> [Activity]:
From the line containing "(取寄) リリー ピュリッツァー" through the last line of the entries below, print each line exactly. Pictures stay out.

> [Entries supplied]:
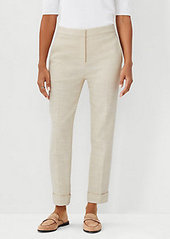 Ann Taylor The Textured High Waist Ankle Pant - Curvy Fit 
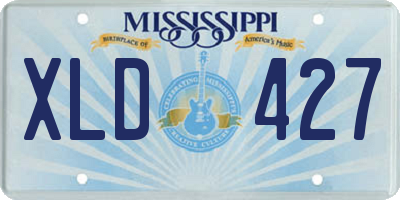MS license plate XLD427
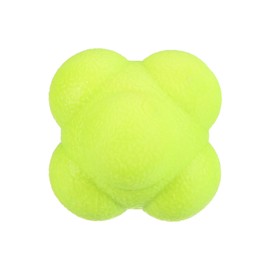 M METERXITY Reaction Ball - TPR High Difficulty Flexibility Training Ball Apply to Sports Exercise Daily Use (47 x 47 x 55mm, Yellow)
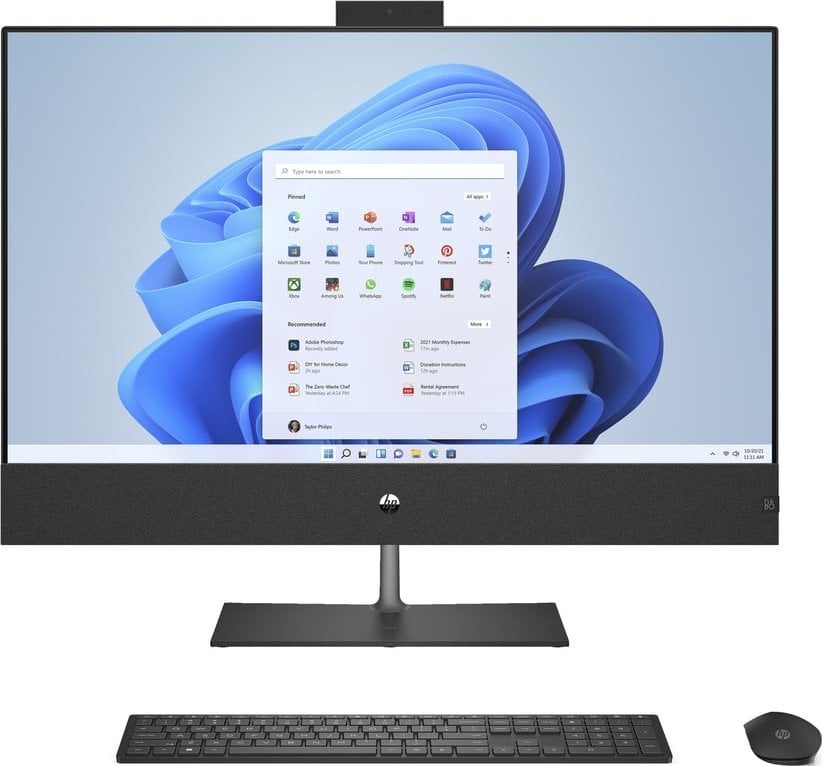 Komputer HP HP Pavilion AIO 32-b0252nw 31.5` QHD/ i5-12400T/ 16GB/ 1TB/ GTX 1650/ Win11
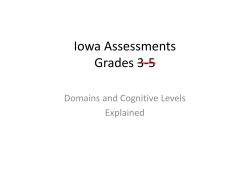 Iowa Assessments Grades 3-5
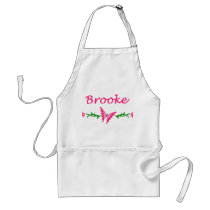 Brooke (Pink Butterfly) Aprons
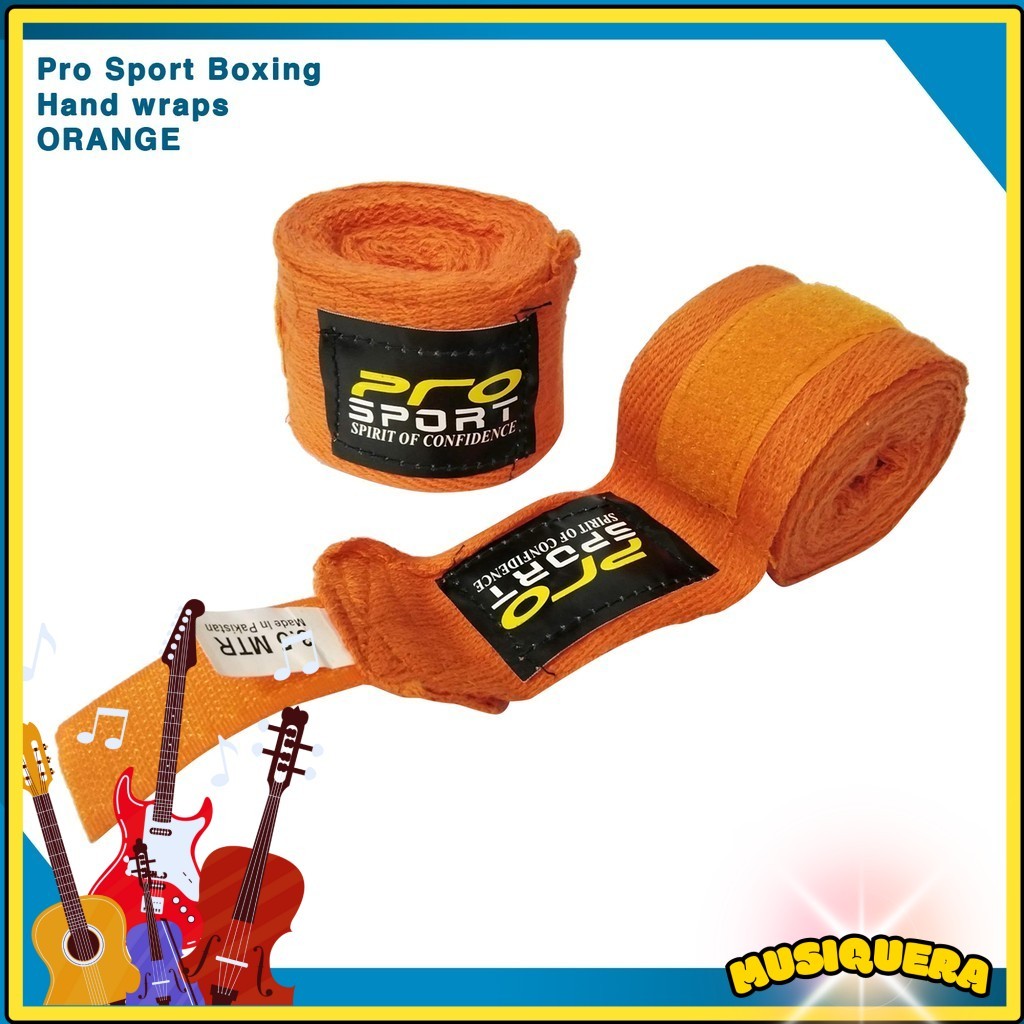 Pro Sport 3.5m Boxing Hand Wraps -Orange | Shopee Philippines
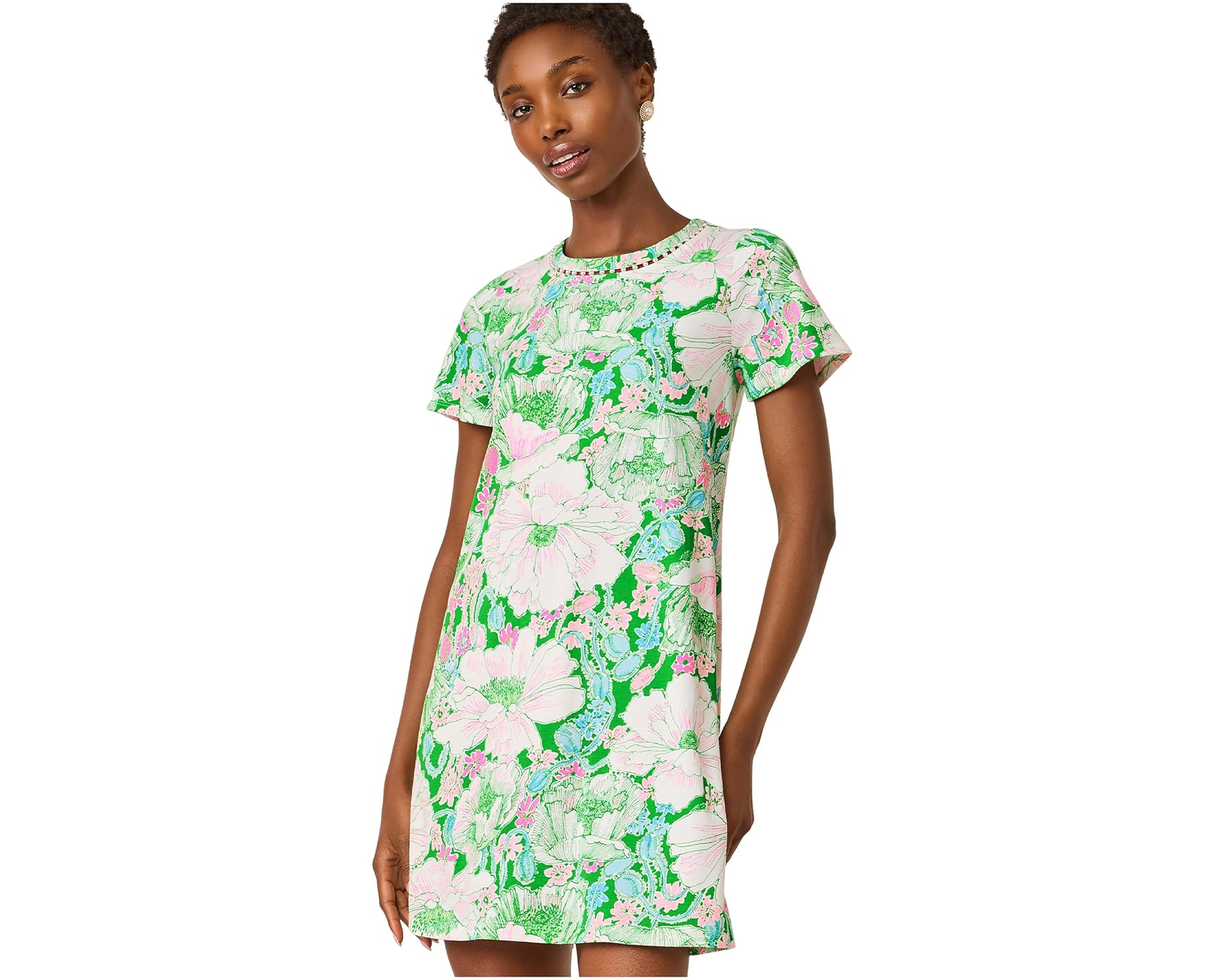 (取寄) リリー ピュリッツァー レディース コーディ ショート スリーブ ドレス Lilly Pulitzer women Cody Short Sleeve Dress Putting Green Poppyland｜ジェットラグ店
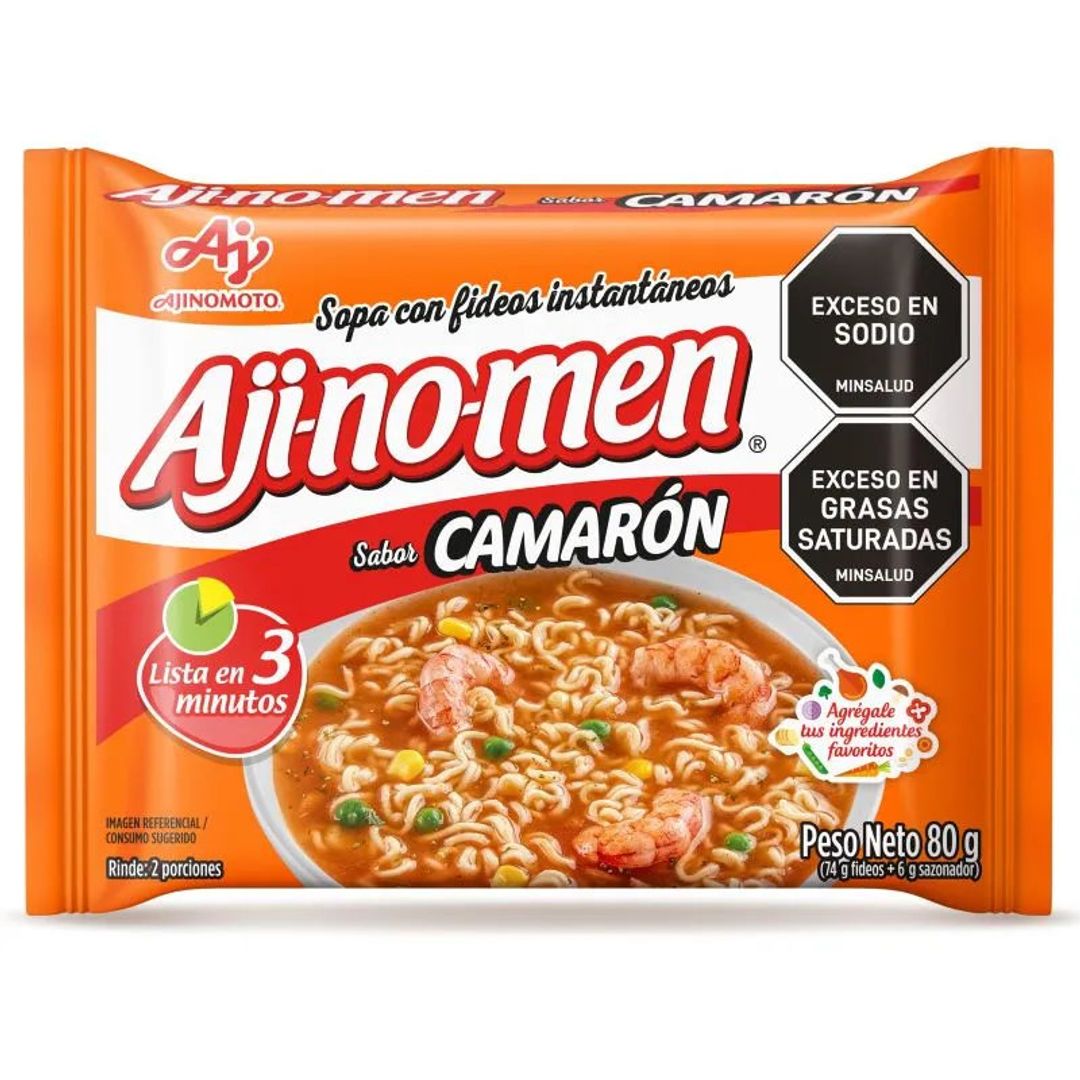 SOPA AJI-NO-MEN CAMARON*80G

> [Written solution]:
 (取寄) リリー ピュリッツァー レディース コーディ ショート スリーブ ドレス Lilly Pulitzer women Cody Short Sleeve Dress Putting Green Poppyland｜ジェットラグ店
 SOPA AJI-NO-MEN CAMARON*80G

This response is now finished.